| DIRECTIONS FOR THIS TASK |
Copy verbatim the span of lines beginning at the line that contains "Enclosed black cargo" and ending with the final line of the data. Exclude pictures from the copy.

───── TASK INPUT

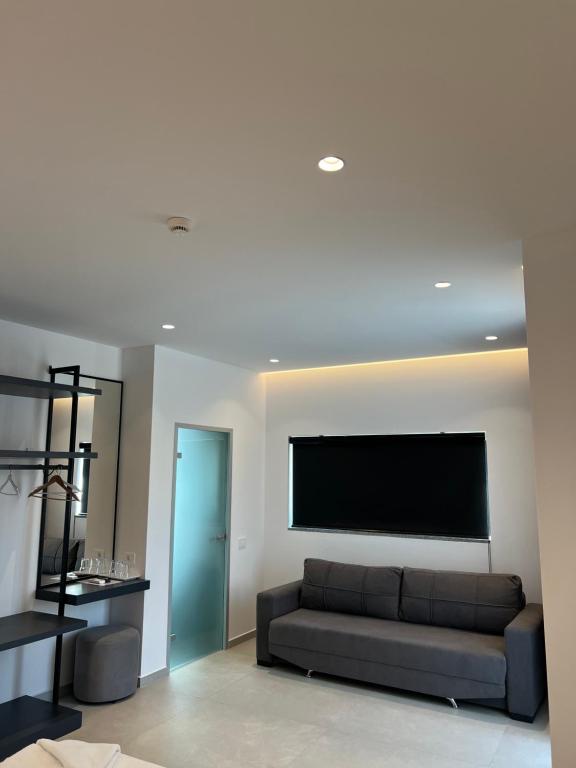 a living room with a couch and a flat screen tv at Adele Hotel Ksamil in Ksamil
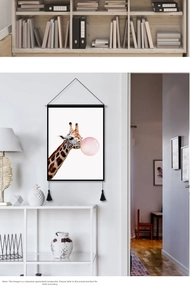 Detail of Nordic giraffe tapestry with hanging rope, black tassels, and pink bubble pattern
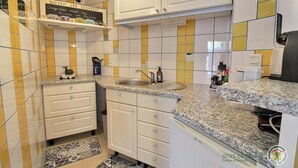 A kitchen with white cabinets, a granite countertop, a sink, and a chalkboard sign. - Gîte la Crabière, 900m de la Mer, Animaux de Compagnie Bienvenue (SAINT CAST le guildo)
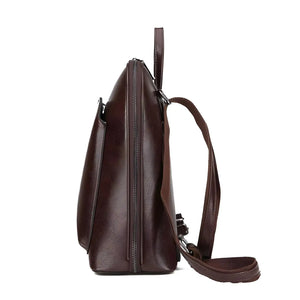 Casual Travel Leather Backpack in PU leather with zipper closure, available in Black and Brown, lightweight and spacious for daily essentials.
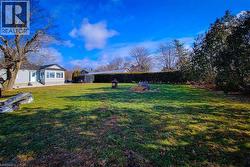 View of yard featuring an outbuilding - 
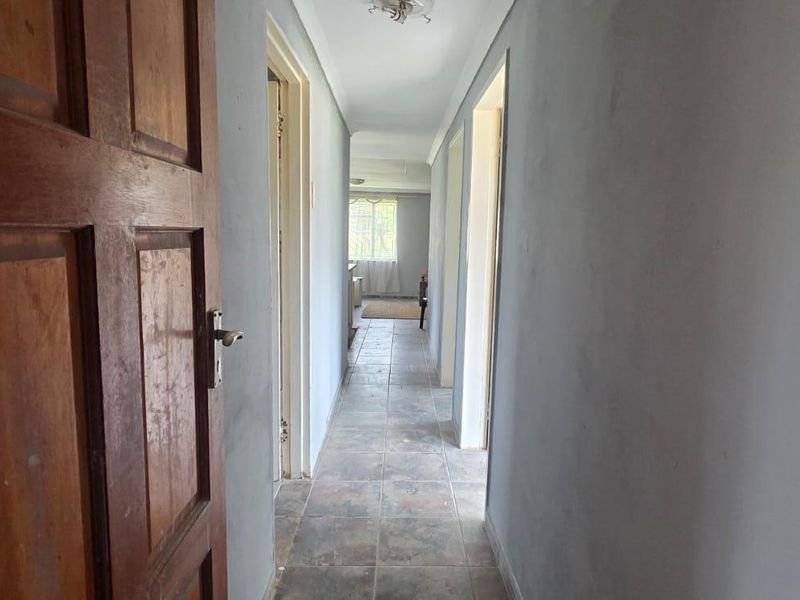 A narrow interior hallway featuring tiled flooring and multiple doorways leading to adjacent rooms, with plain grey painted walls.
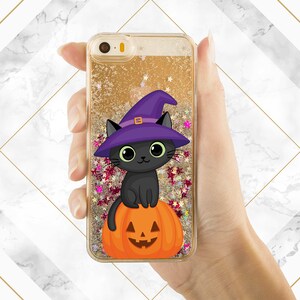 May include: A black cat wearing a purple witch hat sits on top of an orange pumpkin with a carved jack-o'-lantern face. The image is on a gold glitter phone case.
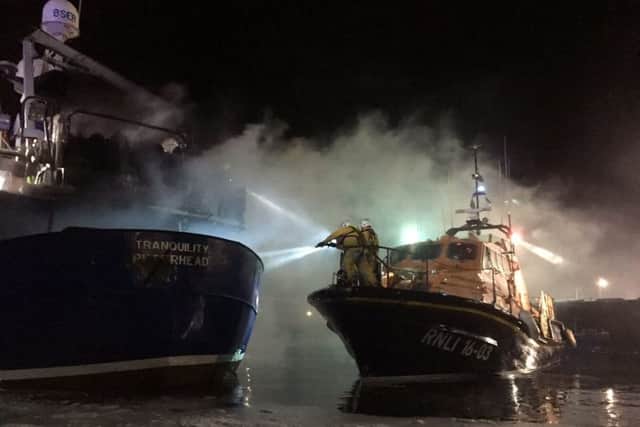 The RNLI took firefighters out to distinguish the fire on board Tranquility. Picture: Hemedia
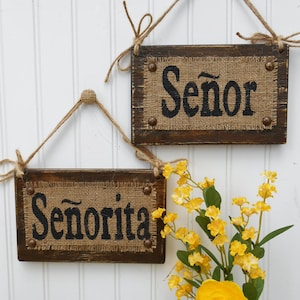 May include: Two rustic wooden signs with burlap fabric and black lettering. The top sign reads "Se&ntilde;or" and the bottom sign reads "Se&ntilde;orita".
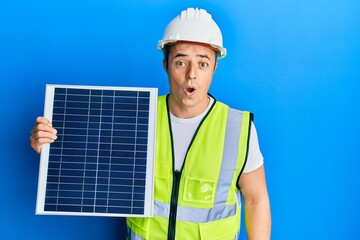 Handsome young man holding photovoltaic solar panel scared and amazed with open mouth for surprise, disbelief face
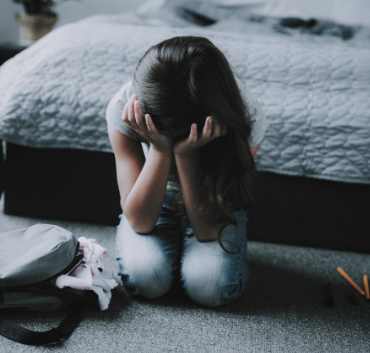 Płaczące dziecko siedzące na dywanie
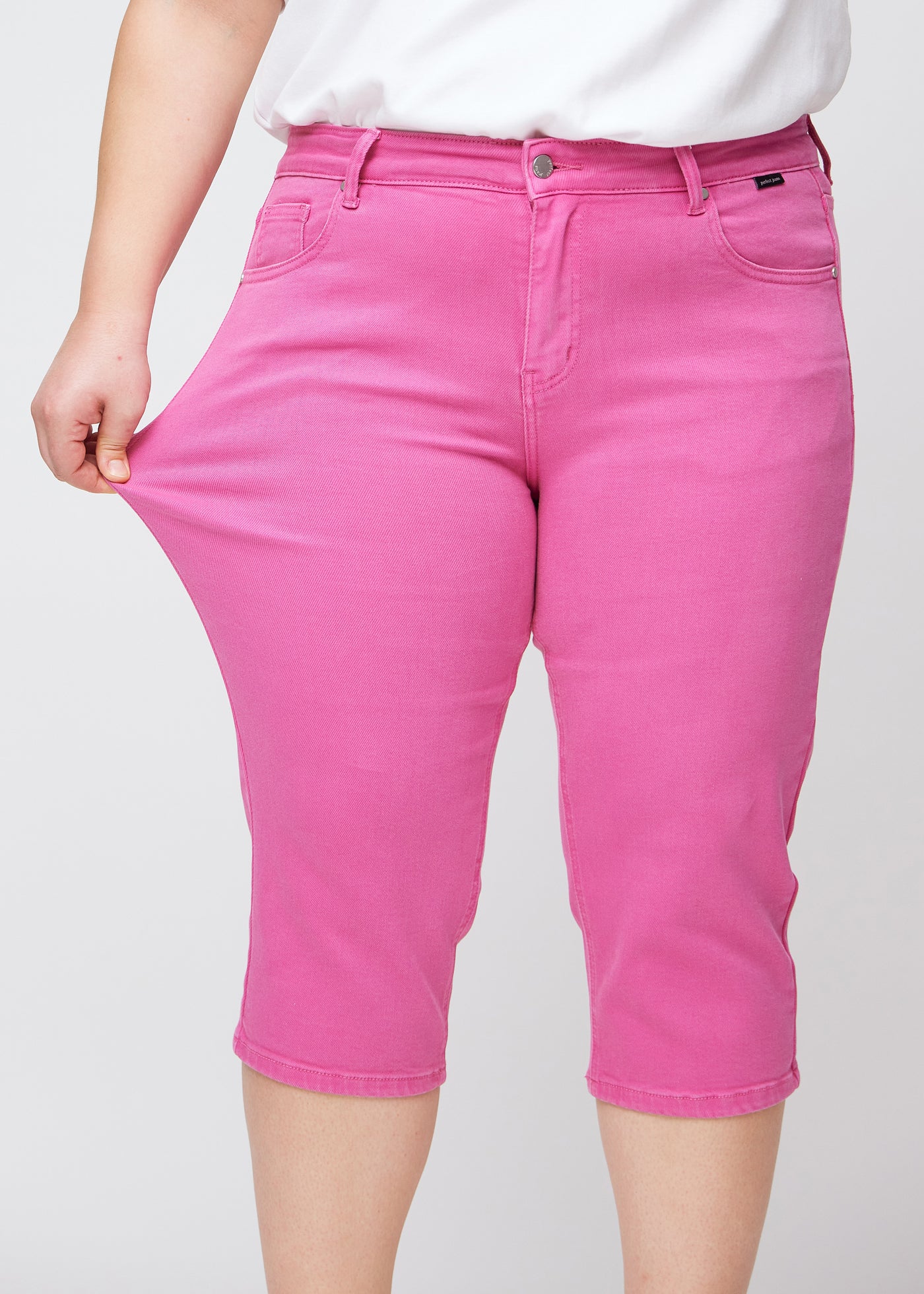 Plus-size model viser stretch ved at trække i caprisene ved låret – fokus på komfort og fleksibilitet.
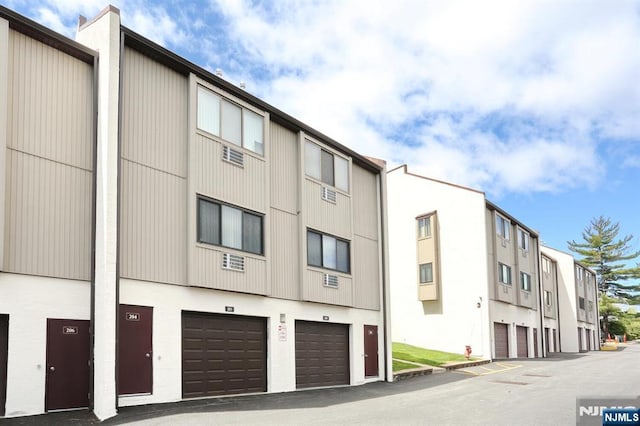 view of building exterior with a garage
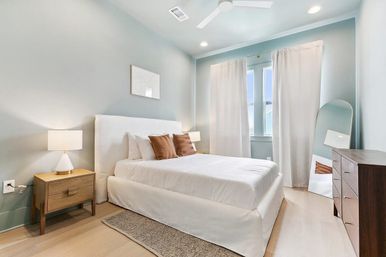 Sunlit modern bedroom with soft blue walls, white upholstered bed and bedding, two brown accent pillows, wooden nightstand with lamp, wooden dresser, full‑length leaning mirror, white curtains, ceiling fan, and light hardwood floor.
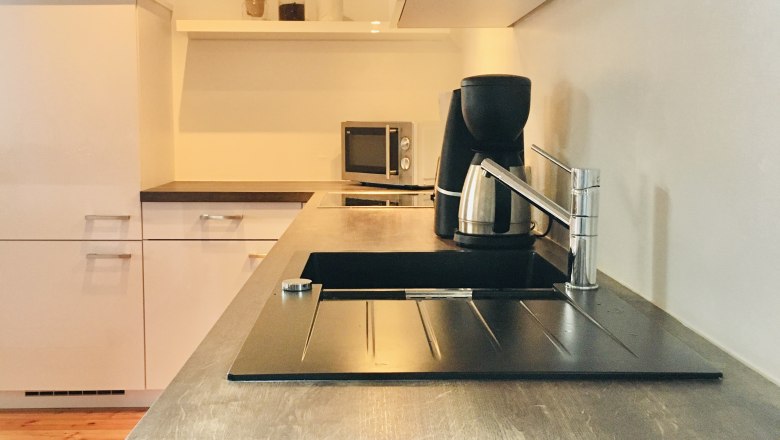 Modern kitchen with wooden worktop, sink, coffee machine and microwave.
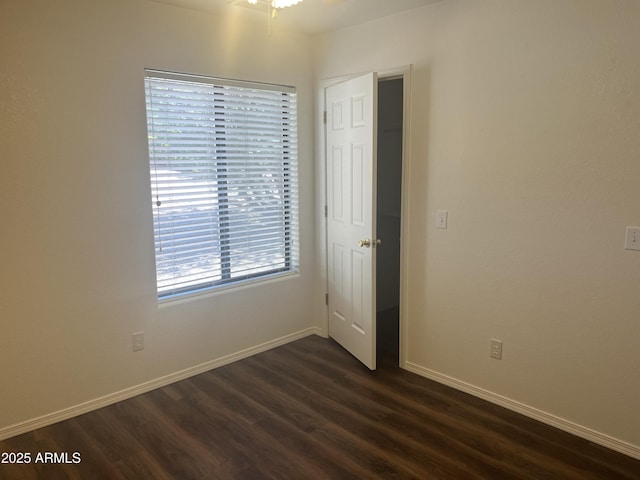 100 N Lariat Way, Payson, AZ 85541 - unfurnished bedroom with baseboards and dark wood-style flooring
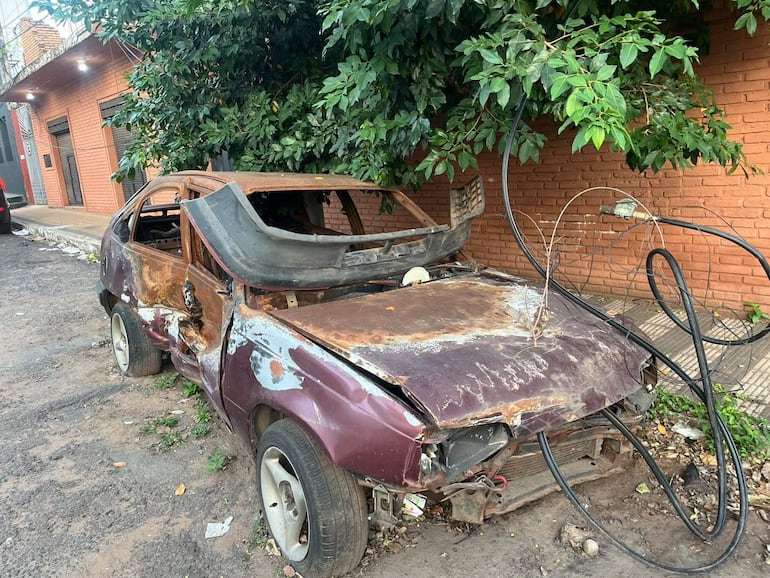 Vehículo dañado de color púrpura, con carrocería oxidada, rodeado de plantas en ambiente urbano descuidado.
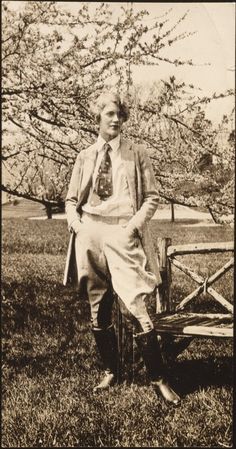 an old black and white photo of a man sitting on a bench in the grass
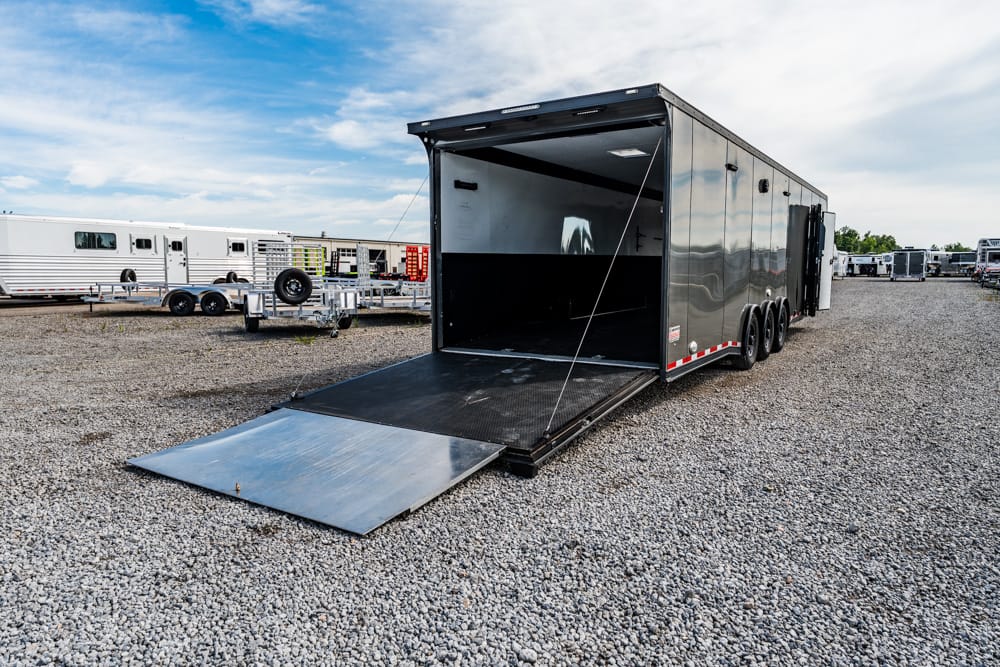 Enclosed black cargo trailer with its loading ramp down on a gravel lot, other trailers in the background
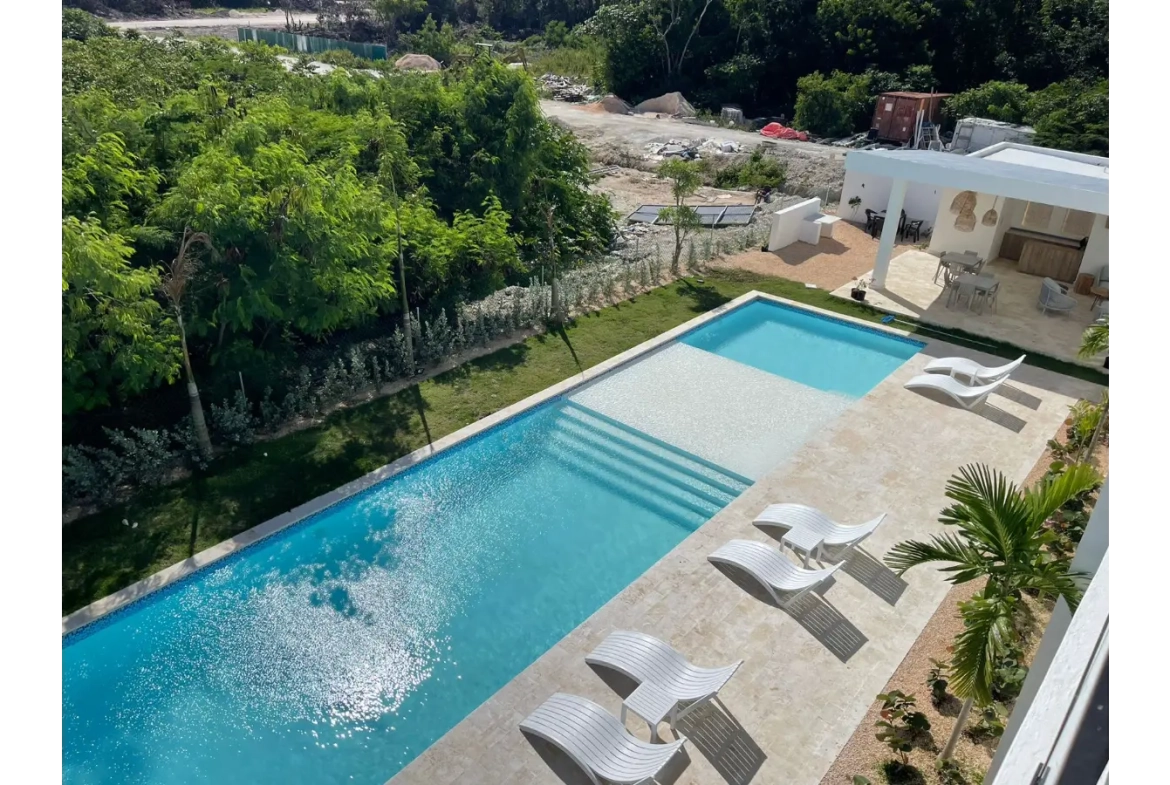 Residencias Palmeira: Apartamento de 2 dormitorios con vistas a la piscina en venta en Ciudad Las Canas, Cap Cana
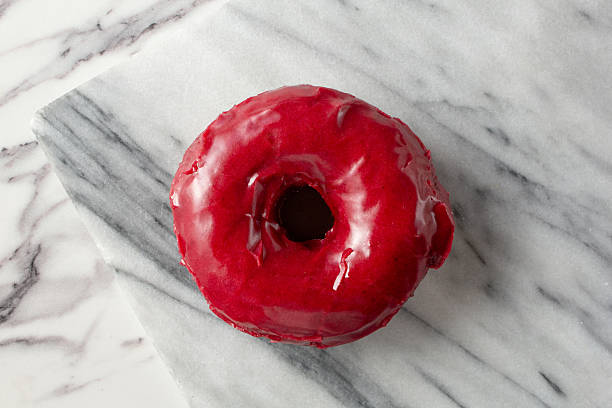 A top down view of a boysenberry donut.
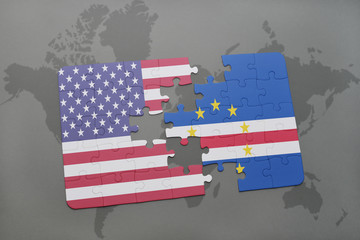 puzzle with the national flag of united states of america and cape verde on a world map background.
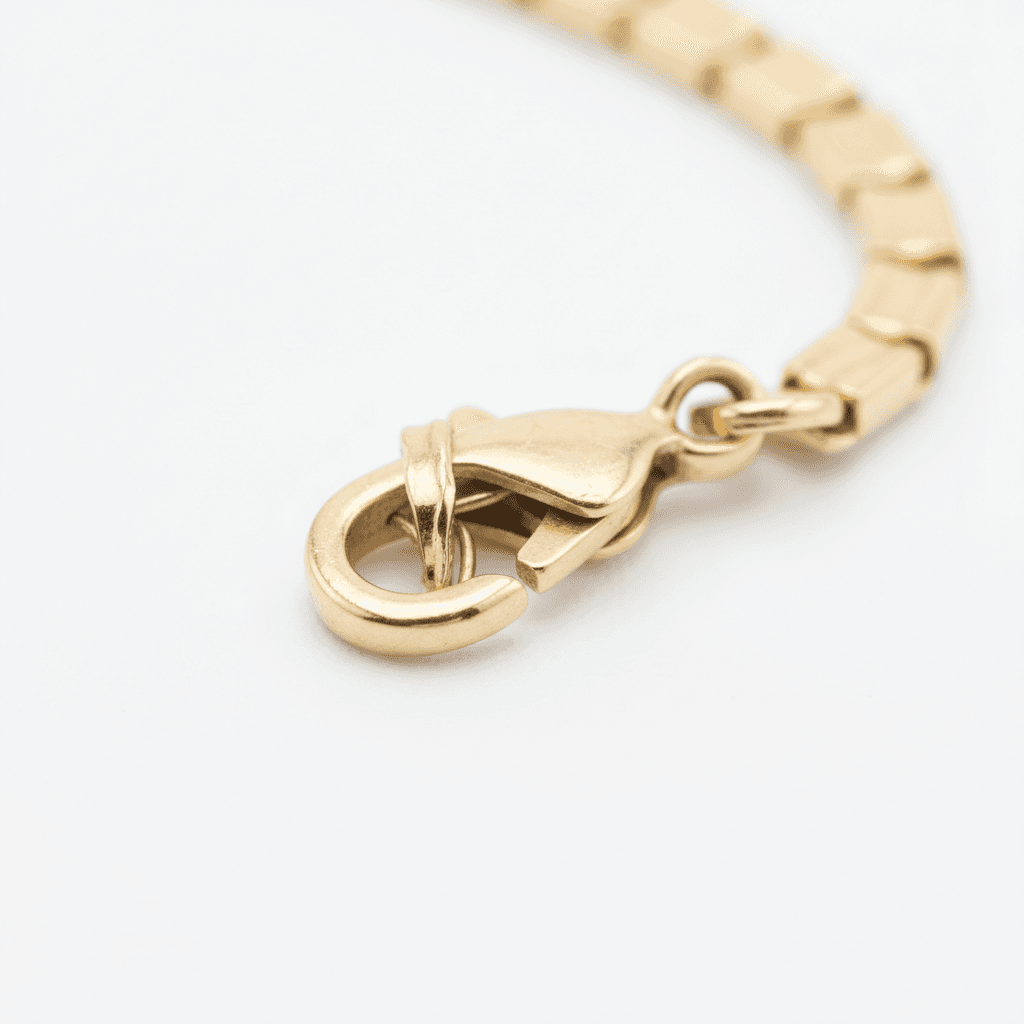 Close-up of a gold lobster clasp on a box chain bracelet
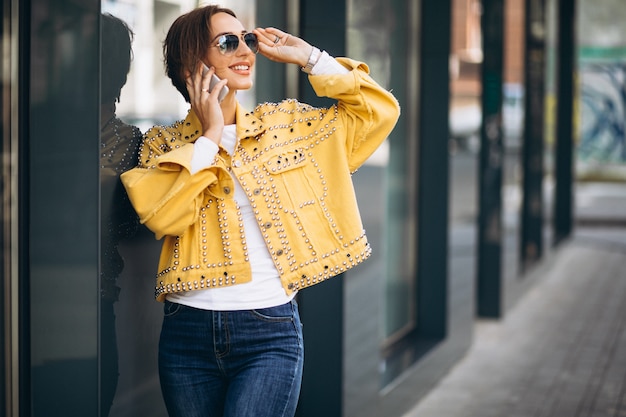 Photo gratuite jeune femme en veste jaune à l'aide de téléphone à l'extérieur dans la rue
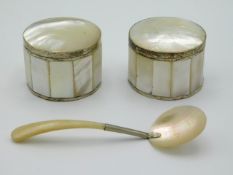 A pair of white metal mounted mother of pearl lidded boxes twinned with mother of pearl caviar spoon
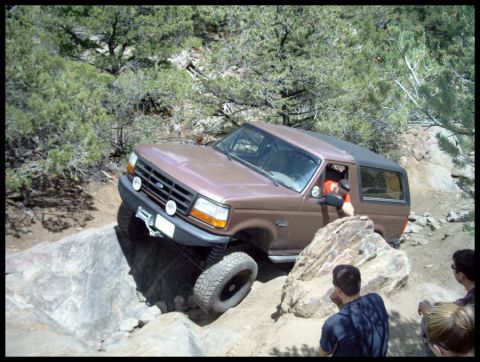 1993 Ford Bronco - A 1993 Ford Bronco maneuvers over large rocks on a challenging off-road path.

──────────

| SOLUTION TO THE EXERCISE |
 Enclosed black cargo trailer with its loading ramp down on a gravel lot, other trailers in the background
 Residencias Palmeira: Apartamento de 2 dormitorios con vistas a la piscina en venta en Ciudad Las Canas, Cap Cana
 A top down view of a boysenberry donut.
 puzzle with the national flag of united states of america and cape verde on a world map background.
 Close-up of a gold lobster clasp on a box chain bracelet
 Photo gratuite jeune femme en veste jaune à l'aide de téléphone à l'extérieur dans la rue
 A pair of white metal mounted mother of pearl lidded boxes twinned with mother of pearl caviar spoon
 1993 Ford Bronco - A 1993 Ford Bronco maneuvers over large rocks on a challenging off-road path.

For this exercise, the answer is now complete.